* [Given entries]
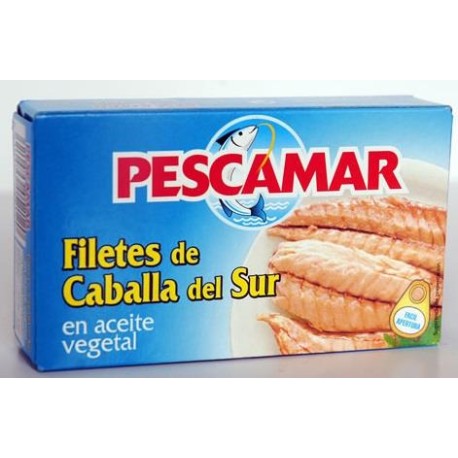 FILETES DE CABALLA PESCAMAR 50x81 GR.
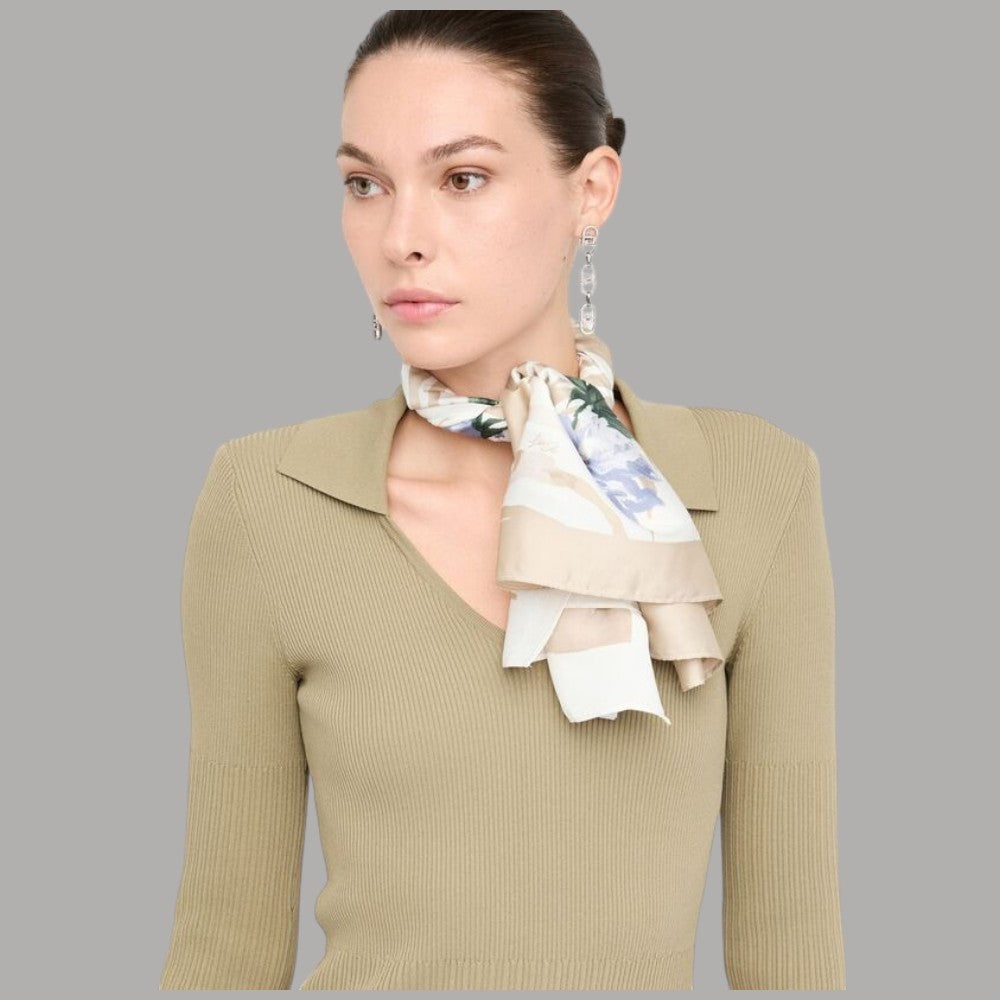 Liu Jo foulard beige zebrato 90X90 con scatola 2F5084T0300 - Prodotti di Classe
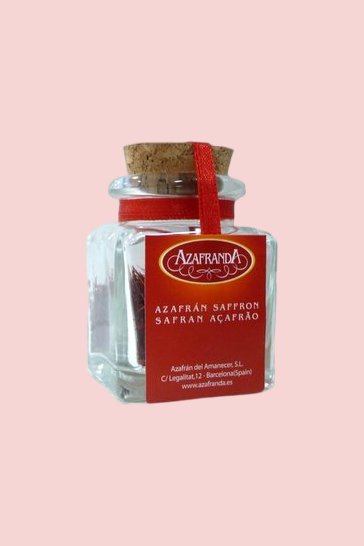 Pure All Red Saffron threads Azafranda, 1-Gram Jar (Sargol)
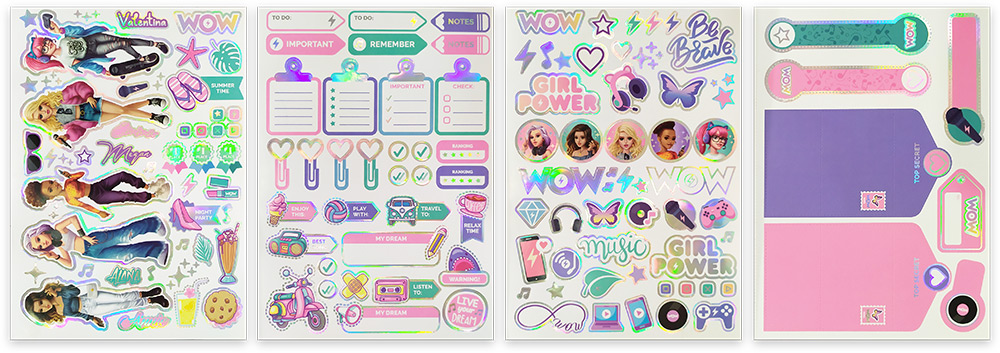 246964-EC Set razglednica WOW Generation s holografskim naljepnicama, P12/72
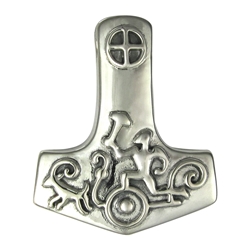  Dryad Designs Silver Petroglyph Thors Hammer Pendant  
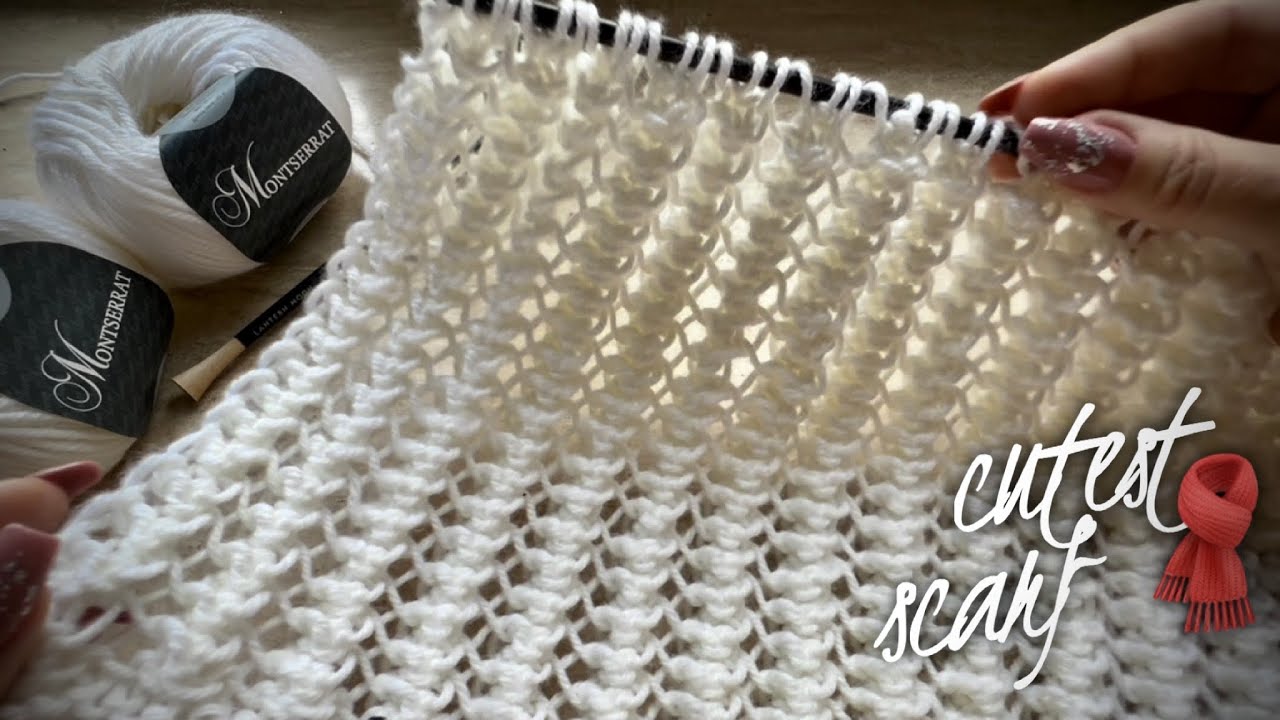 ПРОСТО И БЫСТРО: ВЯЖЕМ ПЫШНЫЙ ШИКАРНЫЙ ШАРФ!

* [Your assignment] Using the data above, print every line exactly, omitting pictures.

* [Response to this task]
 FILETES DE CABALLA PESCAMAR 50x81 GR.
 Liu Jo foulard beige zebrato 90X90 con scatola 2F5084T0300 - Prodotti di Classe
 Pure All Red Saffron threads Azafranda, 1-Gram Jar (Sargol)
 246964-EC Set razglednica WOW Generation s holografskim naljepnicama, P12/72
  Dryad Designs Silver Petroglyph Thors Hammer Pendant  
 ПРОСТО И БЫСТРО: ВЯЖЕМ ПЫШНЫЙ ШИКАРНЫЙ ШАРФ!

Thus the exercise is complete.